At a typical Saturday blind tasting lunch recently I served the following. Well, I should say that the following bottles were consumed at a lunch hosted by me - some were brought by my delightful guests, my former blind tasting teammates.

1992 Reinhold Haart Piersporter Goldtropfschen Kabinett Riesling (Mosel)
I acquired this for a mere £10 at a bin-end sale. £10! I would gladly have paid £30 of somebody else's money to purchase this wine. The nose leaps out of the glass, as if it was a year old (Sarah thought it was a 2003!) - petrol, grapefruit, lime, and clean as a whistle. The palate is bracing, lime driven, with matronly acidity, the tiniest hint of sherbet and and extraordinarily long, minerally finish. A stunning wine. I could have this wine for breakfast.

2004 Henri Milan "Le Grand Blanc" (Grenache Blanc/Rolle, St-Remy-de-Provence)
Just when you were getting bored, here comes this wine! The consensus was that if we had been blindfolded, we would have thought it was red. An intriguing nose of dried herbs - rosemary, thyme, oregano and mint. The palate is minty and very herbaceous and it wouldn't even be out of place to say the wine had tannins! Very unusual.

1990 Bourgueil Cuvee Prestige
Such a nice wine, it's hard to admit that it's a cabernet franc. Leafy, tobacco nose, almost left-Bank Bordeaux in character. Elegant red fruit palate, with a fine tannin finish.

2004 EQ Syrah (Chile)
By this stage we were eating rare roast beef. The debate raged over whether it was a grenache/shiraz blend from the Rhone, or a cabernet from Chile. Anyone should know that a debate like that can only end one way - it's a Syrah from Chile. And who would trust Piers to bring anything not from South America? A powerful, juicy, well balanced wine.

2003 Altavins Domus Pensi Terra Alta (Grenache/Syrah, Catalonia)
Jammy fruit on the nose with dark chocolate and even a hint of mint. Palate is full and chocolatey, supported by red fruits. Firm tannins, full body, well made. Will age.
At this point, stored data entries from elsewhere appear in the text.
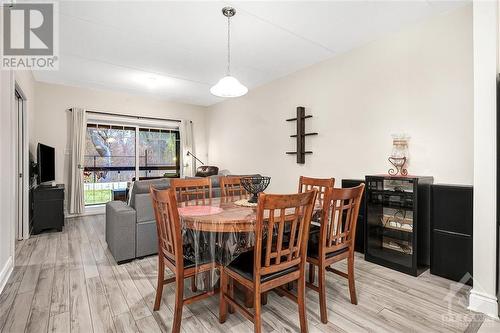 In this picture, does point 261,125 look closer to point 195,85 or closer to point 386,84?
point 195,85

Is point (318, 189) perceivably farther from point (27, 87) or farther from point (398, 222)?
point (27, 87)

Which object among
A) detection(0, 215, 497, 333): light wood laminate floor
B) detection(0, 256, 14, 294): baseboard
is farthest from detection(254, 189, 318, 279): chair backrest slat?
detection(0, 256, 14, 294): baseboard

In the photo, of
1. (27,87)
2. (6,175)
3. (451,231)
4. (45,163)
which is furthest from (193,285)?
(27,87)

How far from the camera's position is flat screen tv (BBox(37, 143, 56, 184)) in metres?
3.84

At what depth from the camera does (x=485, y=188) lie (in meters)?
1.89

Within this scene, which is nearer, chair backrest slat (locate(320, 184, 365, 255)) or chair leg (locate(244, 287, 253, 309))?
chair backrest slat (locate(320, 184, 365, 255))

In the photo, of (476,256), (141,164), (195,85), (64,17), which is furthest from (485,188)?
(141,164)

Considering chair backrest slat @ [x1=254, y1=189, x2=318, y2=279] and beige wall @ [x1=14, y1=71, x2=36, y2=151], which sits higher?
beige wall @ [x1=14, y1=71, x2=36, y2=151]

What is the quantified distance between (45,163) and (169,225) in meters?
3.74

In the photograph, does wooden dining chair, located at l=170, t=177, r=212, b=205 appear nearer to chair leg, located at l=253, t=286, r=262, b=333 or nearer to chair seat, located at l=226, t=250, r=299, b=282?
chair seat, located at l=226, t=250, r=299, b=282

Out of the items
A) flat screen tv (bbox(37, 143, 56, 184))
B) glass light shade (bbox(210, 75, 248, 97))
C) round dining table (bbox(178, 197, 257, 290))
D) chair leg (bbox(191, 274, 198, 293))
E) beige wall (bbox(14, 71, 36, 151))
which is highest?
beige wall (bbox(14, 71, 36, 151))

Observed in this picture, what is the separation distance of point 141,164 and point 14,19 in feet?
12.4

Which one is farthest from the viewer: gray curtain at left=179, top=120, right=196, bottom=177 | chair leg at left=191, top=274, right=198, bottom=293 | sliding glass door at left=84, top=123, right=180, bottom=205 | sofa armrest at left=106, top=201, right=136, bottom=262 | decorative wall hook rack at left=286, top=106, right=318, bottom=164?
gray curtain at left=179, top=120, right=196, bottom=177

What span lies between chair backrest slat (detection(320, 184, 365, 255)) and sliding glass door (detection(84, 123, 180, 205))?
17.4ft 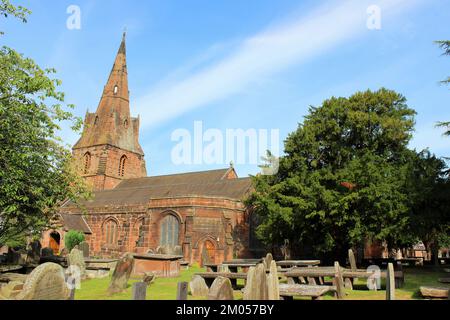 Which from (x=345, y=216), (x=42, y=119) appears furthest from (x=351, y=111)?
(x=42, y=119)

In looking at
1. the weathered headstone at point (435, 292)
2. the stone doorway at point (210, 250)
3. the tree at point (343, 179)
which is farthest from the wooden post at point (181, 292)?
the stone doorway at point (210, 250)

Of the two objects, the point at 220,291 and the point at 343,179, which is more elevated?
the point at 343,179

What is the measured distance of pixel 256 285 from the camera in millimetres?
8234

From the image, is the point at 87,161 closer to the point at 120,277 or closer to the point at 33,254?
the point at 33,254

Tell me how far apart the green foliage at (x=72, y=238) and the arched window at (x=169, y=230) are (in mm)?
10562

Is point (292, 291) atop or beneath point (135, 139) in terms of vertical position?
beneath

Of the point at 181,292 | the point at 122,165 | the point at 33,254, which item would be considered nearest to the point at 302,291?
the point at 181,292

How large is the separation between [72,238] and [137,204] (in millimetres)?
7275

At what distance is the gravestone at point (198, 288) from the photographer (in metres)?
12.7

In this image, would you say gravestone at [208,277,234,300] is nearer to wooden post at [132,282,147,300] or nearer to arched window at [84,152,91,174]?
wooden post at [132,282,147,300]

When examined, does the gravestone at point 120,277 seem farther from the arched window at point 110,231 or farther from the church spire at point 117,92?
the church spire at point 117,92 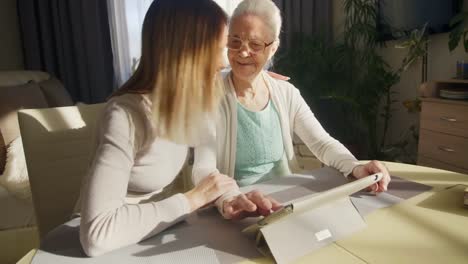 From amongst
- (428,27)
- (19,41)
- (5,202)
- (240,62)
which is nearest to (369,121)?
(428,27)

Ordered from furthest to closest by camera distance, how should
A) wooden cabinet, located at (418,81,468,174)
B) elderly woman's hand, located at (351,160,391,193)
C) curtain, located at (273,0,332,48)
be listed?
curtain, located at (273,0,332,48) → wooden cabinet, located at (418,81,468,174) → elderly woman's hand, located at (351,160,391,193)

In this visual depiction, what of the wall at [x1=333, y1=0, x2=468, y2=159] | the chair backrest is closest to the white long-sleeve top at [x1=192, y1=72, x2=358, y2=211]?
the chair backrest

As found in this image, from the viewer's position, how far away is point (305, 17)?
3.22 metres

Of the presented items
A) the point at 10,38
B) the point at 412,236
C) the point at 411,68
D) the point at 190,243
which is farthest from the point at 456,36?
the point at 10,38

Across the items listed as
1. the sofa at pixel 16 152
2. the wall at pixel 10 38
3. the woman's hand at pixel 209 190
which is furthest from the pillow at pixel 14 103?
the woman's hand at pixel 209 190

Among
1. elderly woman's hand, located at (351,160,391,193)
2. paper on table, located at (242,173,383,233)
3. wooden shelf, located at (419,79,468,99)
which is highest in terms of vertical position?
wooden shelf, located at (419,79,468,99)

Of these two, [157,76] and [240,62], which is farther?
[240,62]

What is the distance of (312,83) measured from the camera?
2975 millimetres

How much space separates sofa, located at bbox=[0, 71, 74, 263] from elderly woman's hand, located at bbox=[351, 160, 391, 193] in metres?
1.49

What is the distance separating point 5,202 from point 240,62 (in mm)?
1368

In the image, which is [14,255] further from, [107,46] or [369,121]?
[369,121]

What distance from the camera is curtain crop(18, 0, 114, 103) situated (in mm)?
2887

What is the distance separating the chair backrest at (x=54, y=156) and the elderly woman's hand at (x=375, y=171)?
81 cm

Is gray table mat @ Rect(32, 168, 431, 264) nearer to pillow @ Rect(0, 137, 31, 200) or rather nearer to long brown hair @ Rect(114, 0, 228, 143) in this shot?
long brown hair @ Rect(114, 0, 228, 143) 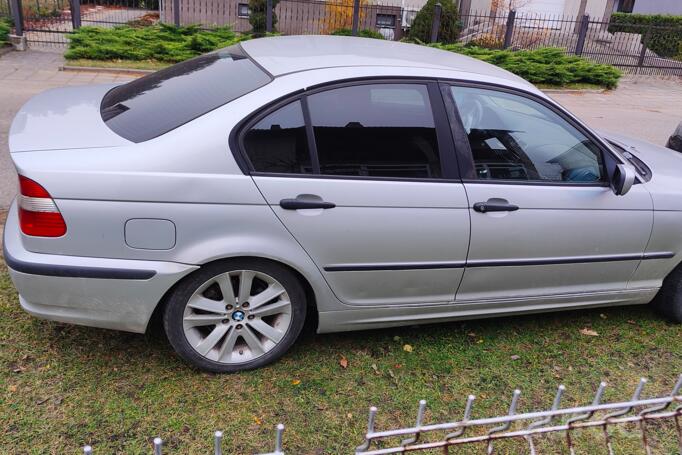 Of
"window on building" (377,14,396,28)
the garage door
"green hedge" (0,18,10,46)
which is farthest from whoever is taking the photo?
the garage door

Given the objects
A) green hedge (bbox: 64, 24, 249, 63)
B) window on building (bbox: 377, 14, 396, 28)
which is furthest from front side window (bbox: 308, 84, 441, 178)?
window on building (bbox: 377, 14, 396, 28)

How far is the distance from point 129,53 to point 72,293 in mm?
10575

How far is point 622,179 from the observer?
3.38 meters

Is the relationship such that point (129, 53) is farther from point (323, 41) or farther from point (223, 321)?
point (223, 321)

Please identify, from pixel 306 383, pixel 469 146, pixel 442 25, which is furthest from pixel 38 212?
pixel 442 25

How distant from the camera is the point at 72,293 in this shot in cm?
284

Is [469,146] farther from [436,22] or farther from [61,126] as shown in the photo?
[436,22]

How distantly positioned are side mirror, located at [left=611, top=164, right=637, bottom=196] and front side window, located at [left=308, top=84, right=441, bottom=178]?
107 cm

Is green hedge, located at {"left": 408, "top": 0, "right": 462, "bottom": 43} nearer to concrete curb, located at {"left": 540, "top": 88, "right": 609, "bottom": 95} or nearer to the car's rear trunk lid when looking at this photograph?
concrete curb, located at {"left": 540, "top": 88, "right": 609, "bottom": 95}

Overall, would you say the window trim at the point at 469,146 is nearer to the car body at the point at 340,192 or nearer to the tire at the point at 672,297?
the car body at the point at 340,192

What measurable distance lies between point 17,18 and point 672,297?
1387 centimetres

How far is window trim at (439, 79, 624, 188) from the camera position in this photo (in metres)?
3.27

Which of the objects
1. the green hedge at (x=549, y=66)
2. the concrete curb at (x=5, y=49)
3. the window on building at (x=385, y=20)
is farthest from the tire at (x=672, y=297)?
the window on building at (x=385, y=20)

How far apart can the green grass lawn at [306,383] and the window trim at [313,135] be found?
1.07 m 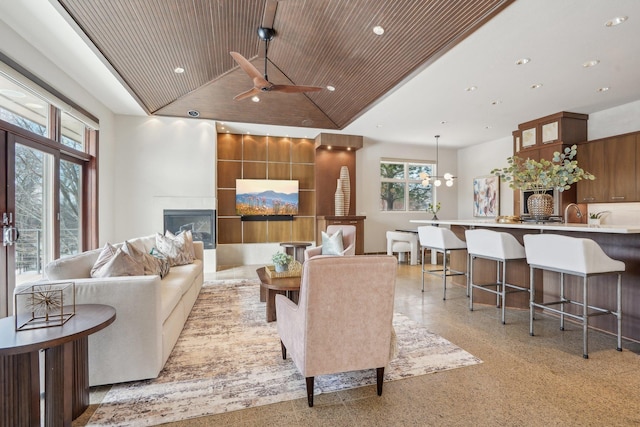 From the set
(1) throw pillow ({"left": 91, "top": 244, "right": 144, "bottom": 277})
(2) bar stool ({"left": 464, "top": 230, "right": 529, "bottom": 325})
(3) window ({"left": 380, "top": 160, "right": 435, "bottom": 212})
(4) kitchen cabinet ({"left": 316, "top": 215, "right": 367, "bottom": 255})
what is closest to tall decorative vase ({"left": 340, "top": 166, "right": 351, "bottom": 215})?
(4) kitchen cabinet ({"left": 316, "top": 215, "right": 367, "bottom": 255})

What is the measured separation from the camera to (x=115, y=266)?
2254mm

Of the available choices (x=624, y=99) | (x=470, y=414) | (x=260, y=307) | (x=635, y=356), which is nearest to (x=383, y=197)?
(x=624, y=99)

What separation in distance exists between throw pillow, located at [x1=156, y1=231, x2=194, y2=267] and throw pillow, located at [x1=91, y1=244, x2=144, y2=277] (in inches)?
63.4

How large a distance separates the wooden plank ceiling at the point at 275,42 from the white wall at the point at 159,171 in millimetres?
711

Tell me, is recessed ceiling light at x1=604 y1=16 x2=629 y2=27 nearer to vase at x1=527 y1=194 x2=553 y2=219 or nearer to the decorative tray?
vase at x1=527 y1=194 x2=553 y2=219

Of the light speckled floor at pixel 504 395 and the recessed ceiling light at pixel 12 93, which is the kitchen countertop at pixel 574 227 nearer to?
the light speckled floor at pixel 504 395

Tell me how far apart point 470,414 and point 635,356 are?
6.13 ft

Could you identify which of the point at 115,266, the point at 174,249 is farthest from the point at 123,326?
the point at 174,249

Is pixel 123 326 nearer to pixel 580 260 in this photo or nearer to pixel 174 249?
pixel 174 249

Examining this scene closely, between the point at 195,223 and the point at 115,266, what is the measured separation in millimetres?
4084

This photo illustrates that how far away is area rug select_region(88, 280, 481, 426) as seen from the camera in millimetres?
1844

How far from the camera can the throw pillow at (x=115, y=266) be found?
87.7 inches

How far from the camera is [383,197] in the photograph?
841cm

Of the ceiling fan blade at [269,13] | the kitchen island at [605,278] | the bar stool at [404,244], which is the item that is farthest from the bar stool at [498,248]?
the ceiling fan blade at [269,13] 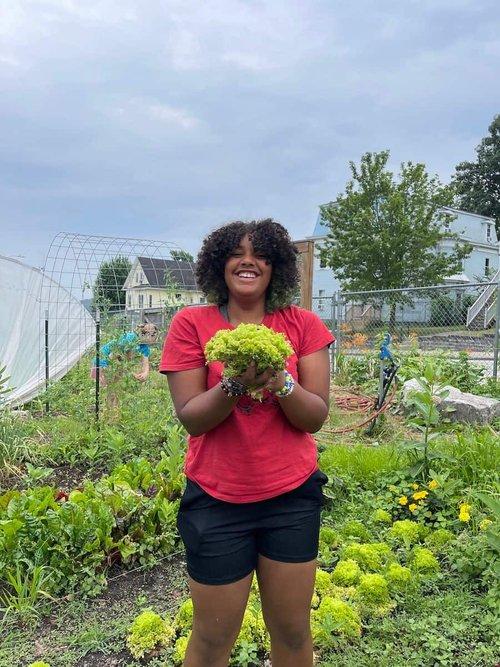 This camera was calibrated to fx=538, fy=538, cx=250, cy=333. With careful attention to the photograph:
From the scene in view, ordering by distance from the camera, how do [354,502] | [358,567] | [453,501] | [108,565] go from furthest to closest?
1. [354,502]
2. [453,501]
3. [108,565]
4. [358,567]

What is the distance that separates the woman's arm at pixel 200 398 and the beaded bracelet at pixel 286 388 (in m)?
0.07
2003 Nerojbleo Nero d'Alvola (Sicily)
The nose leads with anise and black jelly-babies, following with brambly black fruit. The palate begins a little sweet, full red and black jammy fruits. At this point you might think it was a Zinfandel. But then it goes tits up with a mouthful of tannins as gripping as nonna's farewell hug last Christmas. And then you know you're in Sicily.

2005 Les Amis de la Bouissiere (Grenache/Syrah/Merlot, Cotes du Rhone)
Now this is a shit hot wine for £9. I defy anyone to find such a powerful, well-balanced, mouth-filling, moreish, elegant, complex wine for the price. Superb.

1996 Chateau les Ormes de Pez (St Estephe)
Now you're talking. Classic Bordeaux nose - olives, tobacco and cedar. Powerful palate of black fruits - well balanced and delightfully mature. To think that Sarah had the audacity to claim it was slightly oxidised. I don't care whether she's been working vintages across Europe for the last 3 months. Her glass should have been confiscated immediately.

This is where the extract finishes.